Na prática, a mudança dificulta o andamento de ações criminais contra parlamentares, ao devolver às Casas Legislativas maior controle sobre a autorização prévia necessária para que esses processos tenham início.
Prisão em flagrante
Atualmente, a Constituição já prevê que prisões em flagrante de deputados ou senadores sejam submetidas ao plenário da respectiva Casa. Pela PEC, em casos de crimes inafiançáveis, como racismo, tortura, tráfico de drogas e terrorismo, os autos deverão ser enviados à Câmara ou ao Senado em até 24 horas.
A decisão sobre manter ou não a prisão passará a ser feita por votação secreta, substituindo o modelo atual de votação nominal.
Abertura de processo criminal
O texto também resgata parte das regras anteriores a 2001, quando era exigida autorização do Legislativo para abertura de processos contra parlamentares.
Assim, o Supremo Tribunal Federal (STF) terá que solicitar aval da Câmara ou do Senado para processar um deputado ou senador. A votação será secreta e deve ocorrer em até 90 dias após o pedido. Durante a análise dos destaques, o Centrão conseguiu retirar da PEC a previsão de votação nominal nesses casos. Um levantamento mostra que, entre 1988 e 2001, quando essa regra estava em vigor, o Congresso autorizou apenas um processo contra parlamentar.
Medidas cautelares
A proposta determina ainda que parlamentares só poderão ser alvo de medidas cautelares expedidas pelo STF, e não por instâncias inferiores da Justiça.
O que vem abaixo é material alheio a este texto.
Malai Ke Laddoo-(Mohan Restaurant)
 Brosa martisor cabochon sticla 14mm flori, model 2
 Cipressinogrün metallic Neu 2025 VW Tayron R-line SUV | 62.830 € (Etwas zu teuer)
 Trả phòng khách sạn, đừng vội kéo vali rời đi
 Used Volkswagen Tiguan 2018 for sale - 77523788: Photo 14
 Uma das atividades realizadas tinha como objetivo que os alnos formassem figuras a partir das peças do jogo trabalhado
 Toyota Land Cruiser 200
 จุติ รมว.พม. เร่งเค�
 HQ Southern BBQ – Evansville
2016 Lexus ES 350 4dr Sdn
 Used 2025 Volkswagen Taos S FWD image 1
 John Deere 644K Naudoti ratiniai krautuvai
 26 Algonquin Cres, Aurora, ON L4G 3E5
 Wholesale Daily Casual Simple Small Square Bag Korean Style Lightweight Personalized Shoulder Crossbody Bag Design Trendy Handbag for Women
Essas medidas incluem, por exemplo, restrições de contato ou obrigações específicas impostas a investigados em processos criminais.
Foro privilegiado
Outro ponto da PEC amplia o foro privilegiado para presidentes de partidos com representação no Congresso Nacional.
Com isso, essas lideranças também passam a ser julgadas diretamente no STF, a exemplo do que já ocorre com presidente e vice da República, ministros do Supremo, procurador-geral da República, deputados e senadores.
O foro especial por prerrogativa de função é um dispositivo constitucional que garante a determinadas autoridades o direito de serem julgadas em instâncias superiores.
Tramitação no Senado
No Senado, a proposta precisará passar pela Comissão de Constituição e Justiça (CCJ) e depois pelo plenário, onde necessita de 49 votos favoráveis em duas votações para ser aprovada.
O presidente da CCJ, senador Otto Alencar (PSD-BA), já se posicionou contra o texto. Em entrevista à GloboNews, ele afirmou que a PEC é um “desrespeito” com o eleitor e declarou que a proposta deve ser “enterrada”.
Caso seja aprovada pelos senadores, a emenda poderá ser promulgada diretamente pelo Congresso, sem necessidade de sanção ou veto do presidente Luiz Inácio Lula da Silva (PT).
Negociação política
A votação foi articulada pelo ex-presidente da Câmara, Arthur Lira (PP-AL), como parte de um acordo para conter um motim de deputados da oposição contra a prisão domiciliar do ex-presidente Jair Bolsonaro (PL).
O atual presidente da Câmara, Hugo Motta (Republicanos-PB), defendeu a PEC como uma medida de proteção ao mandato parlamentar:
“É um texto sem novidades, invencionismos e garante o fortalecimento do mandato parlamentar de cada um dos parlamentares desta casa. Não é uma pauta da direita ou da esquerda.”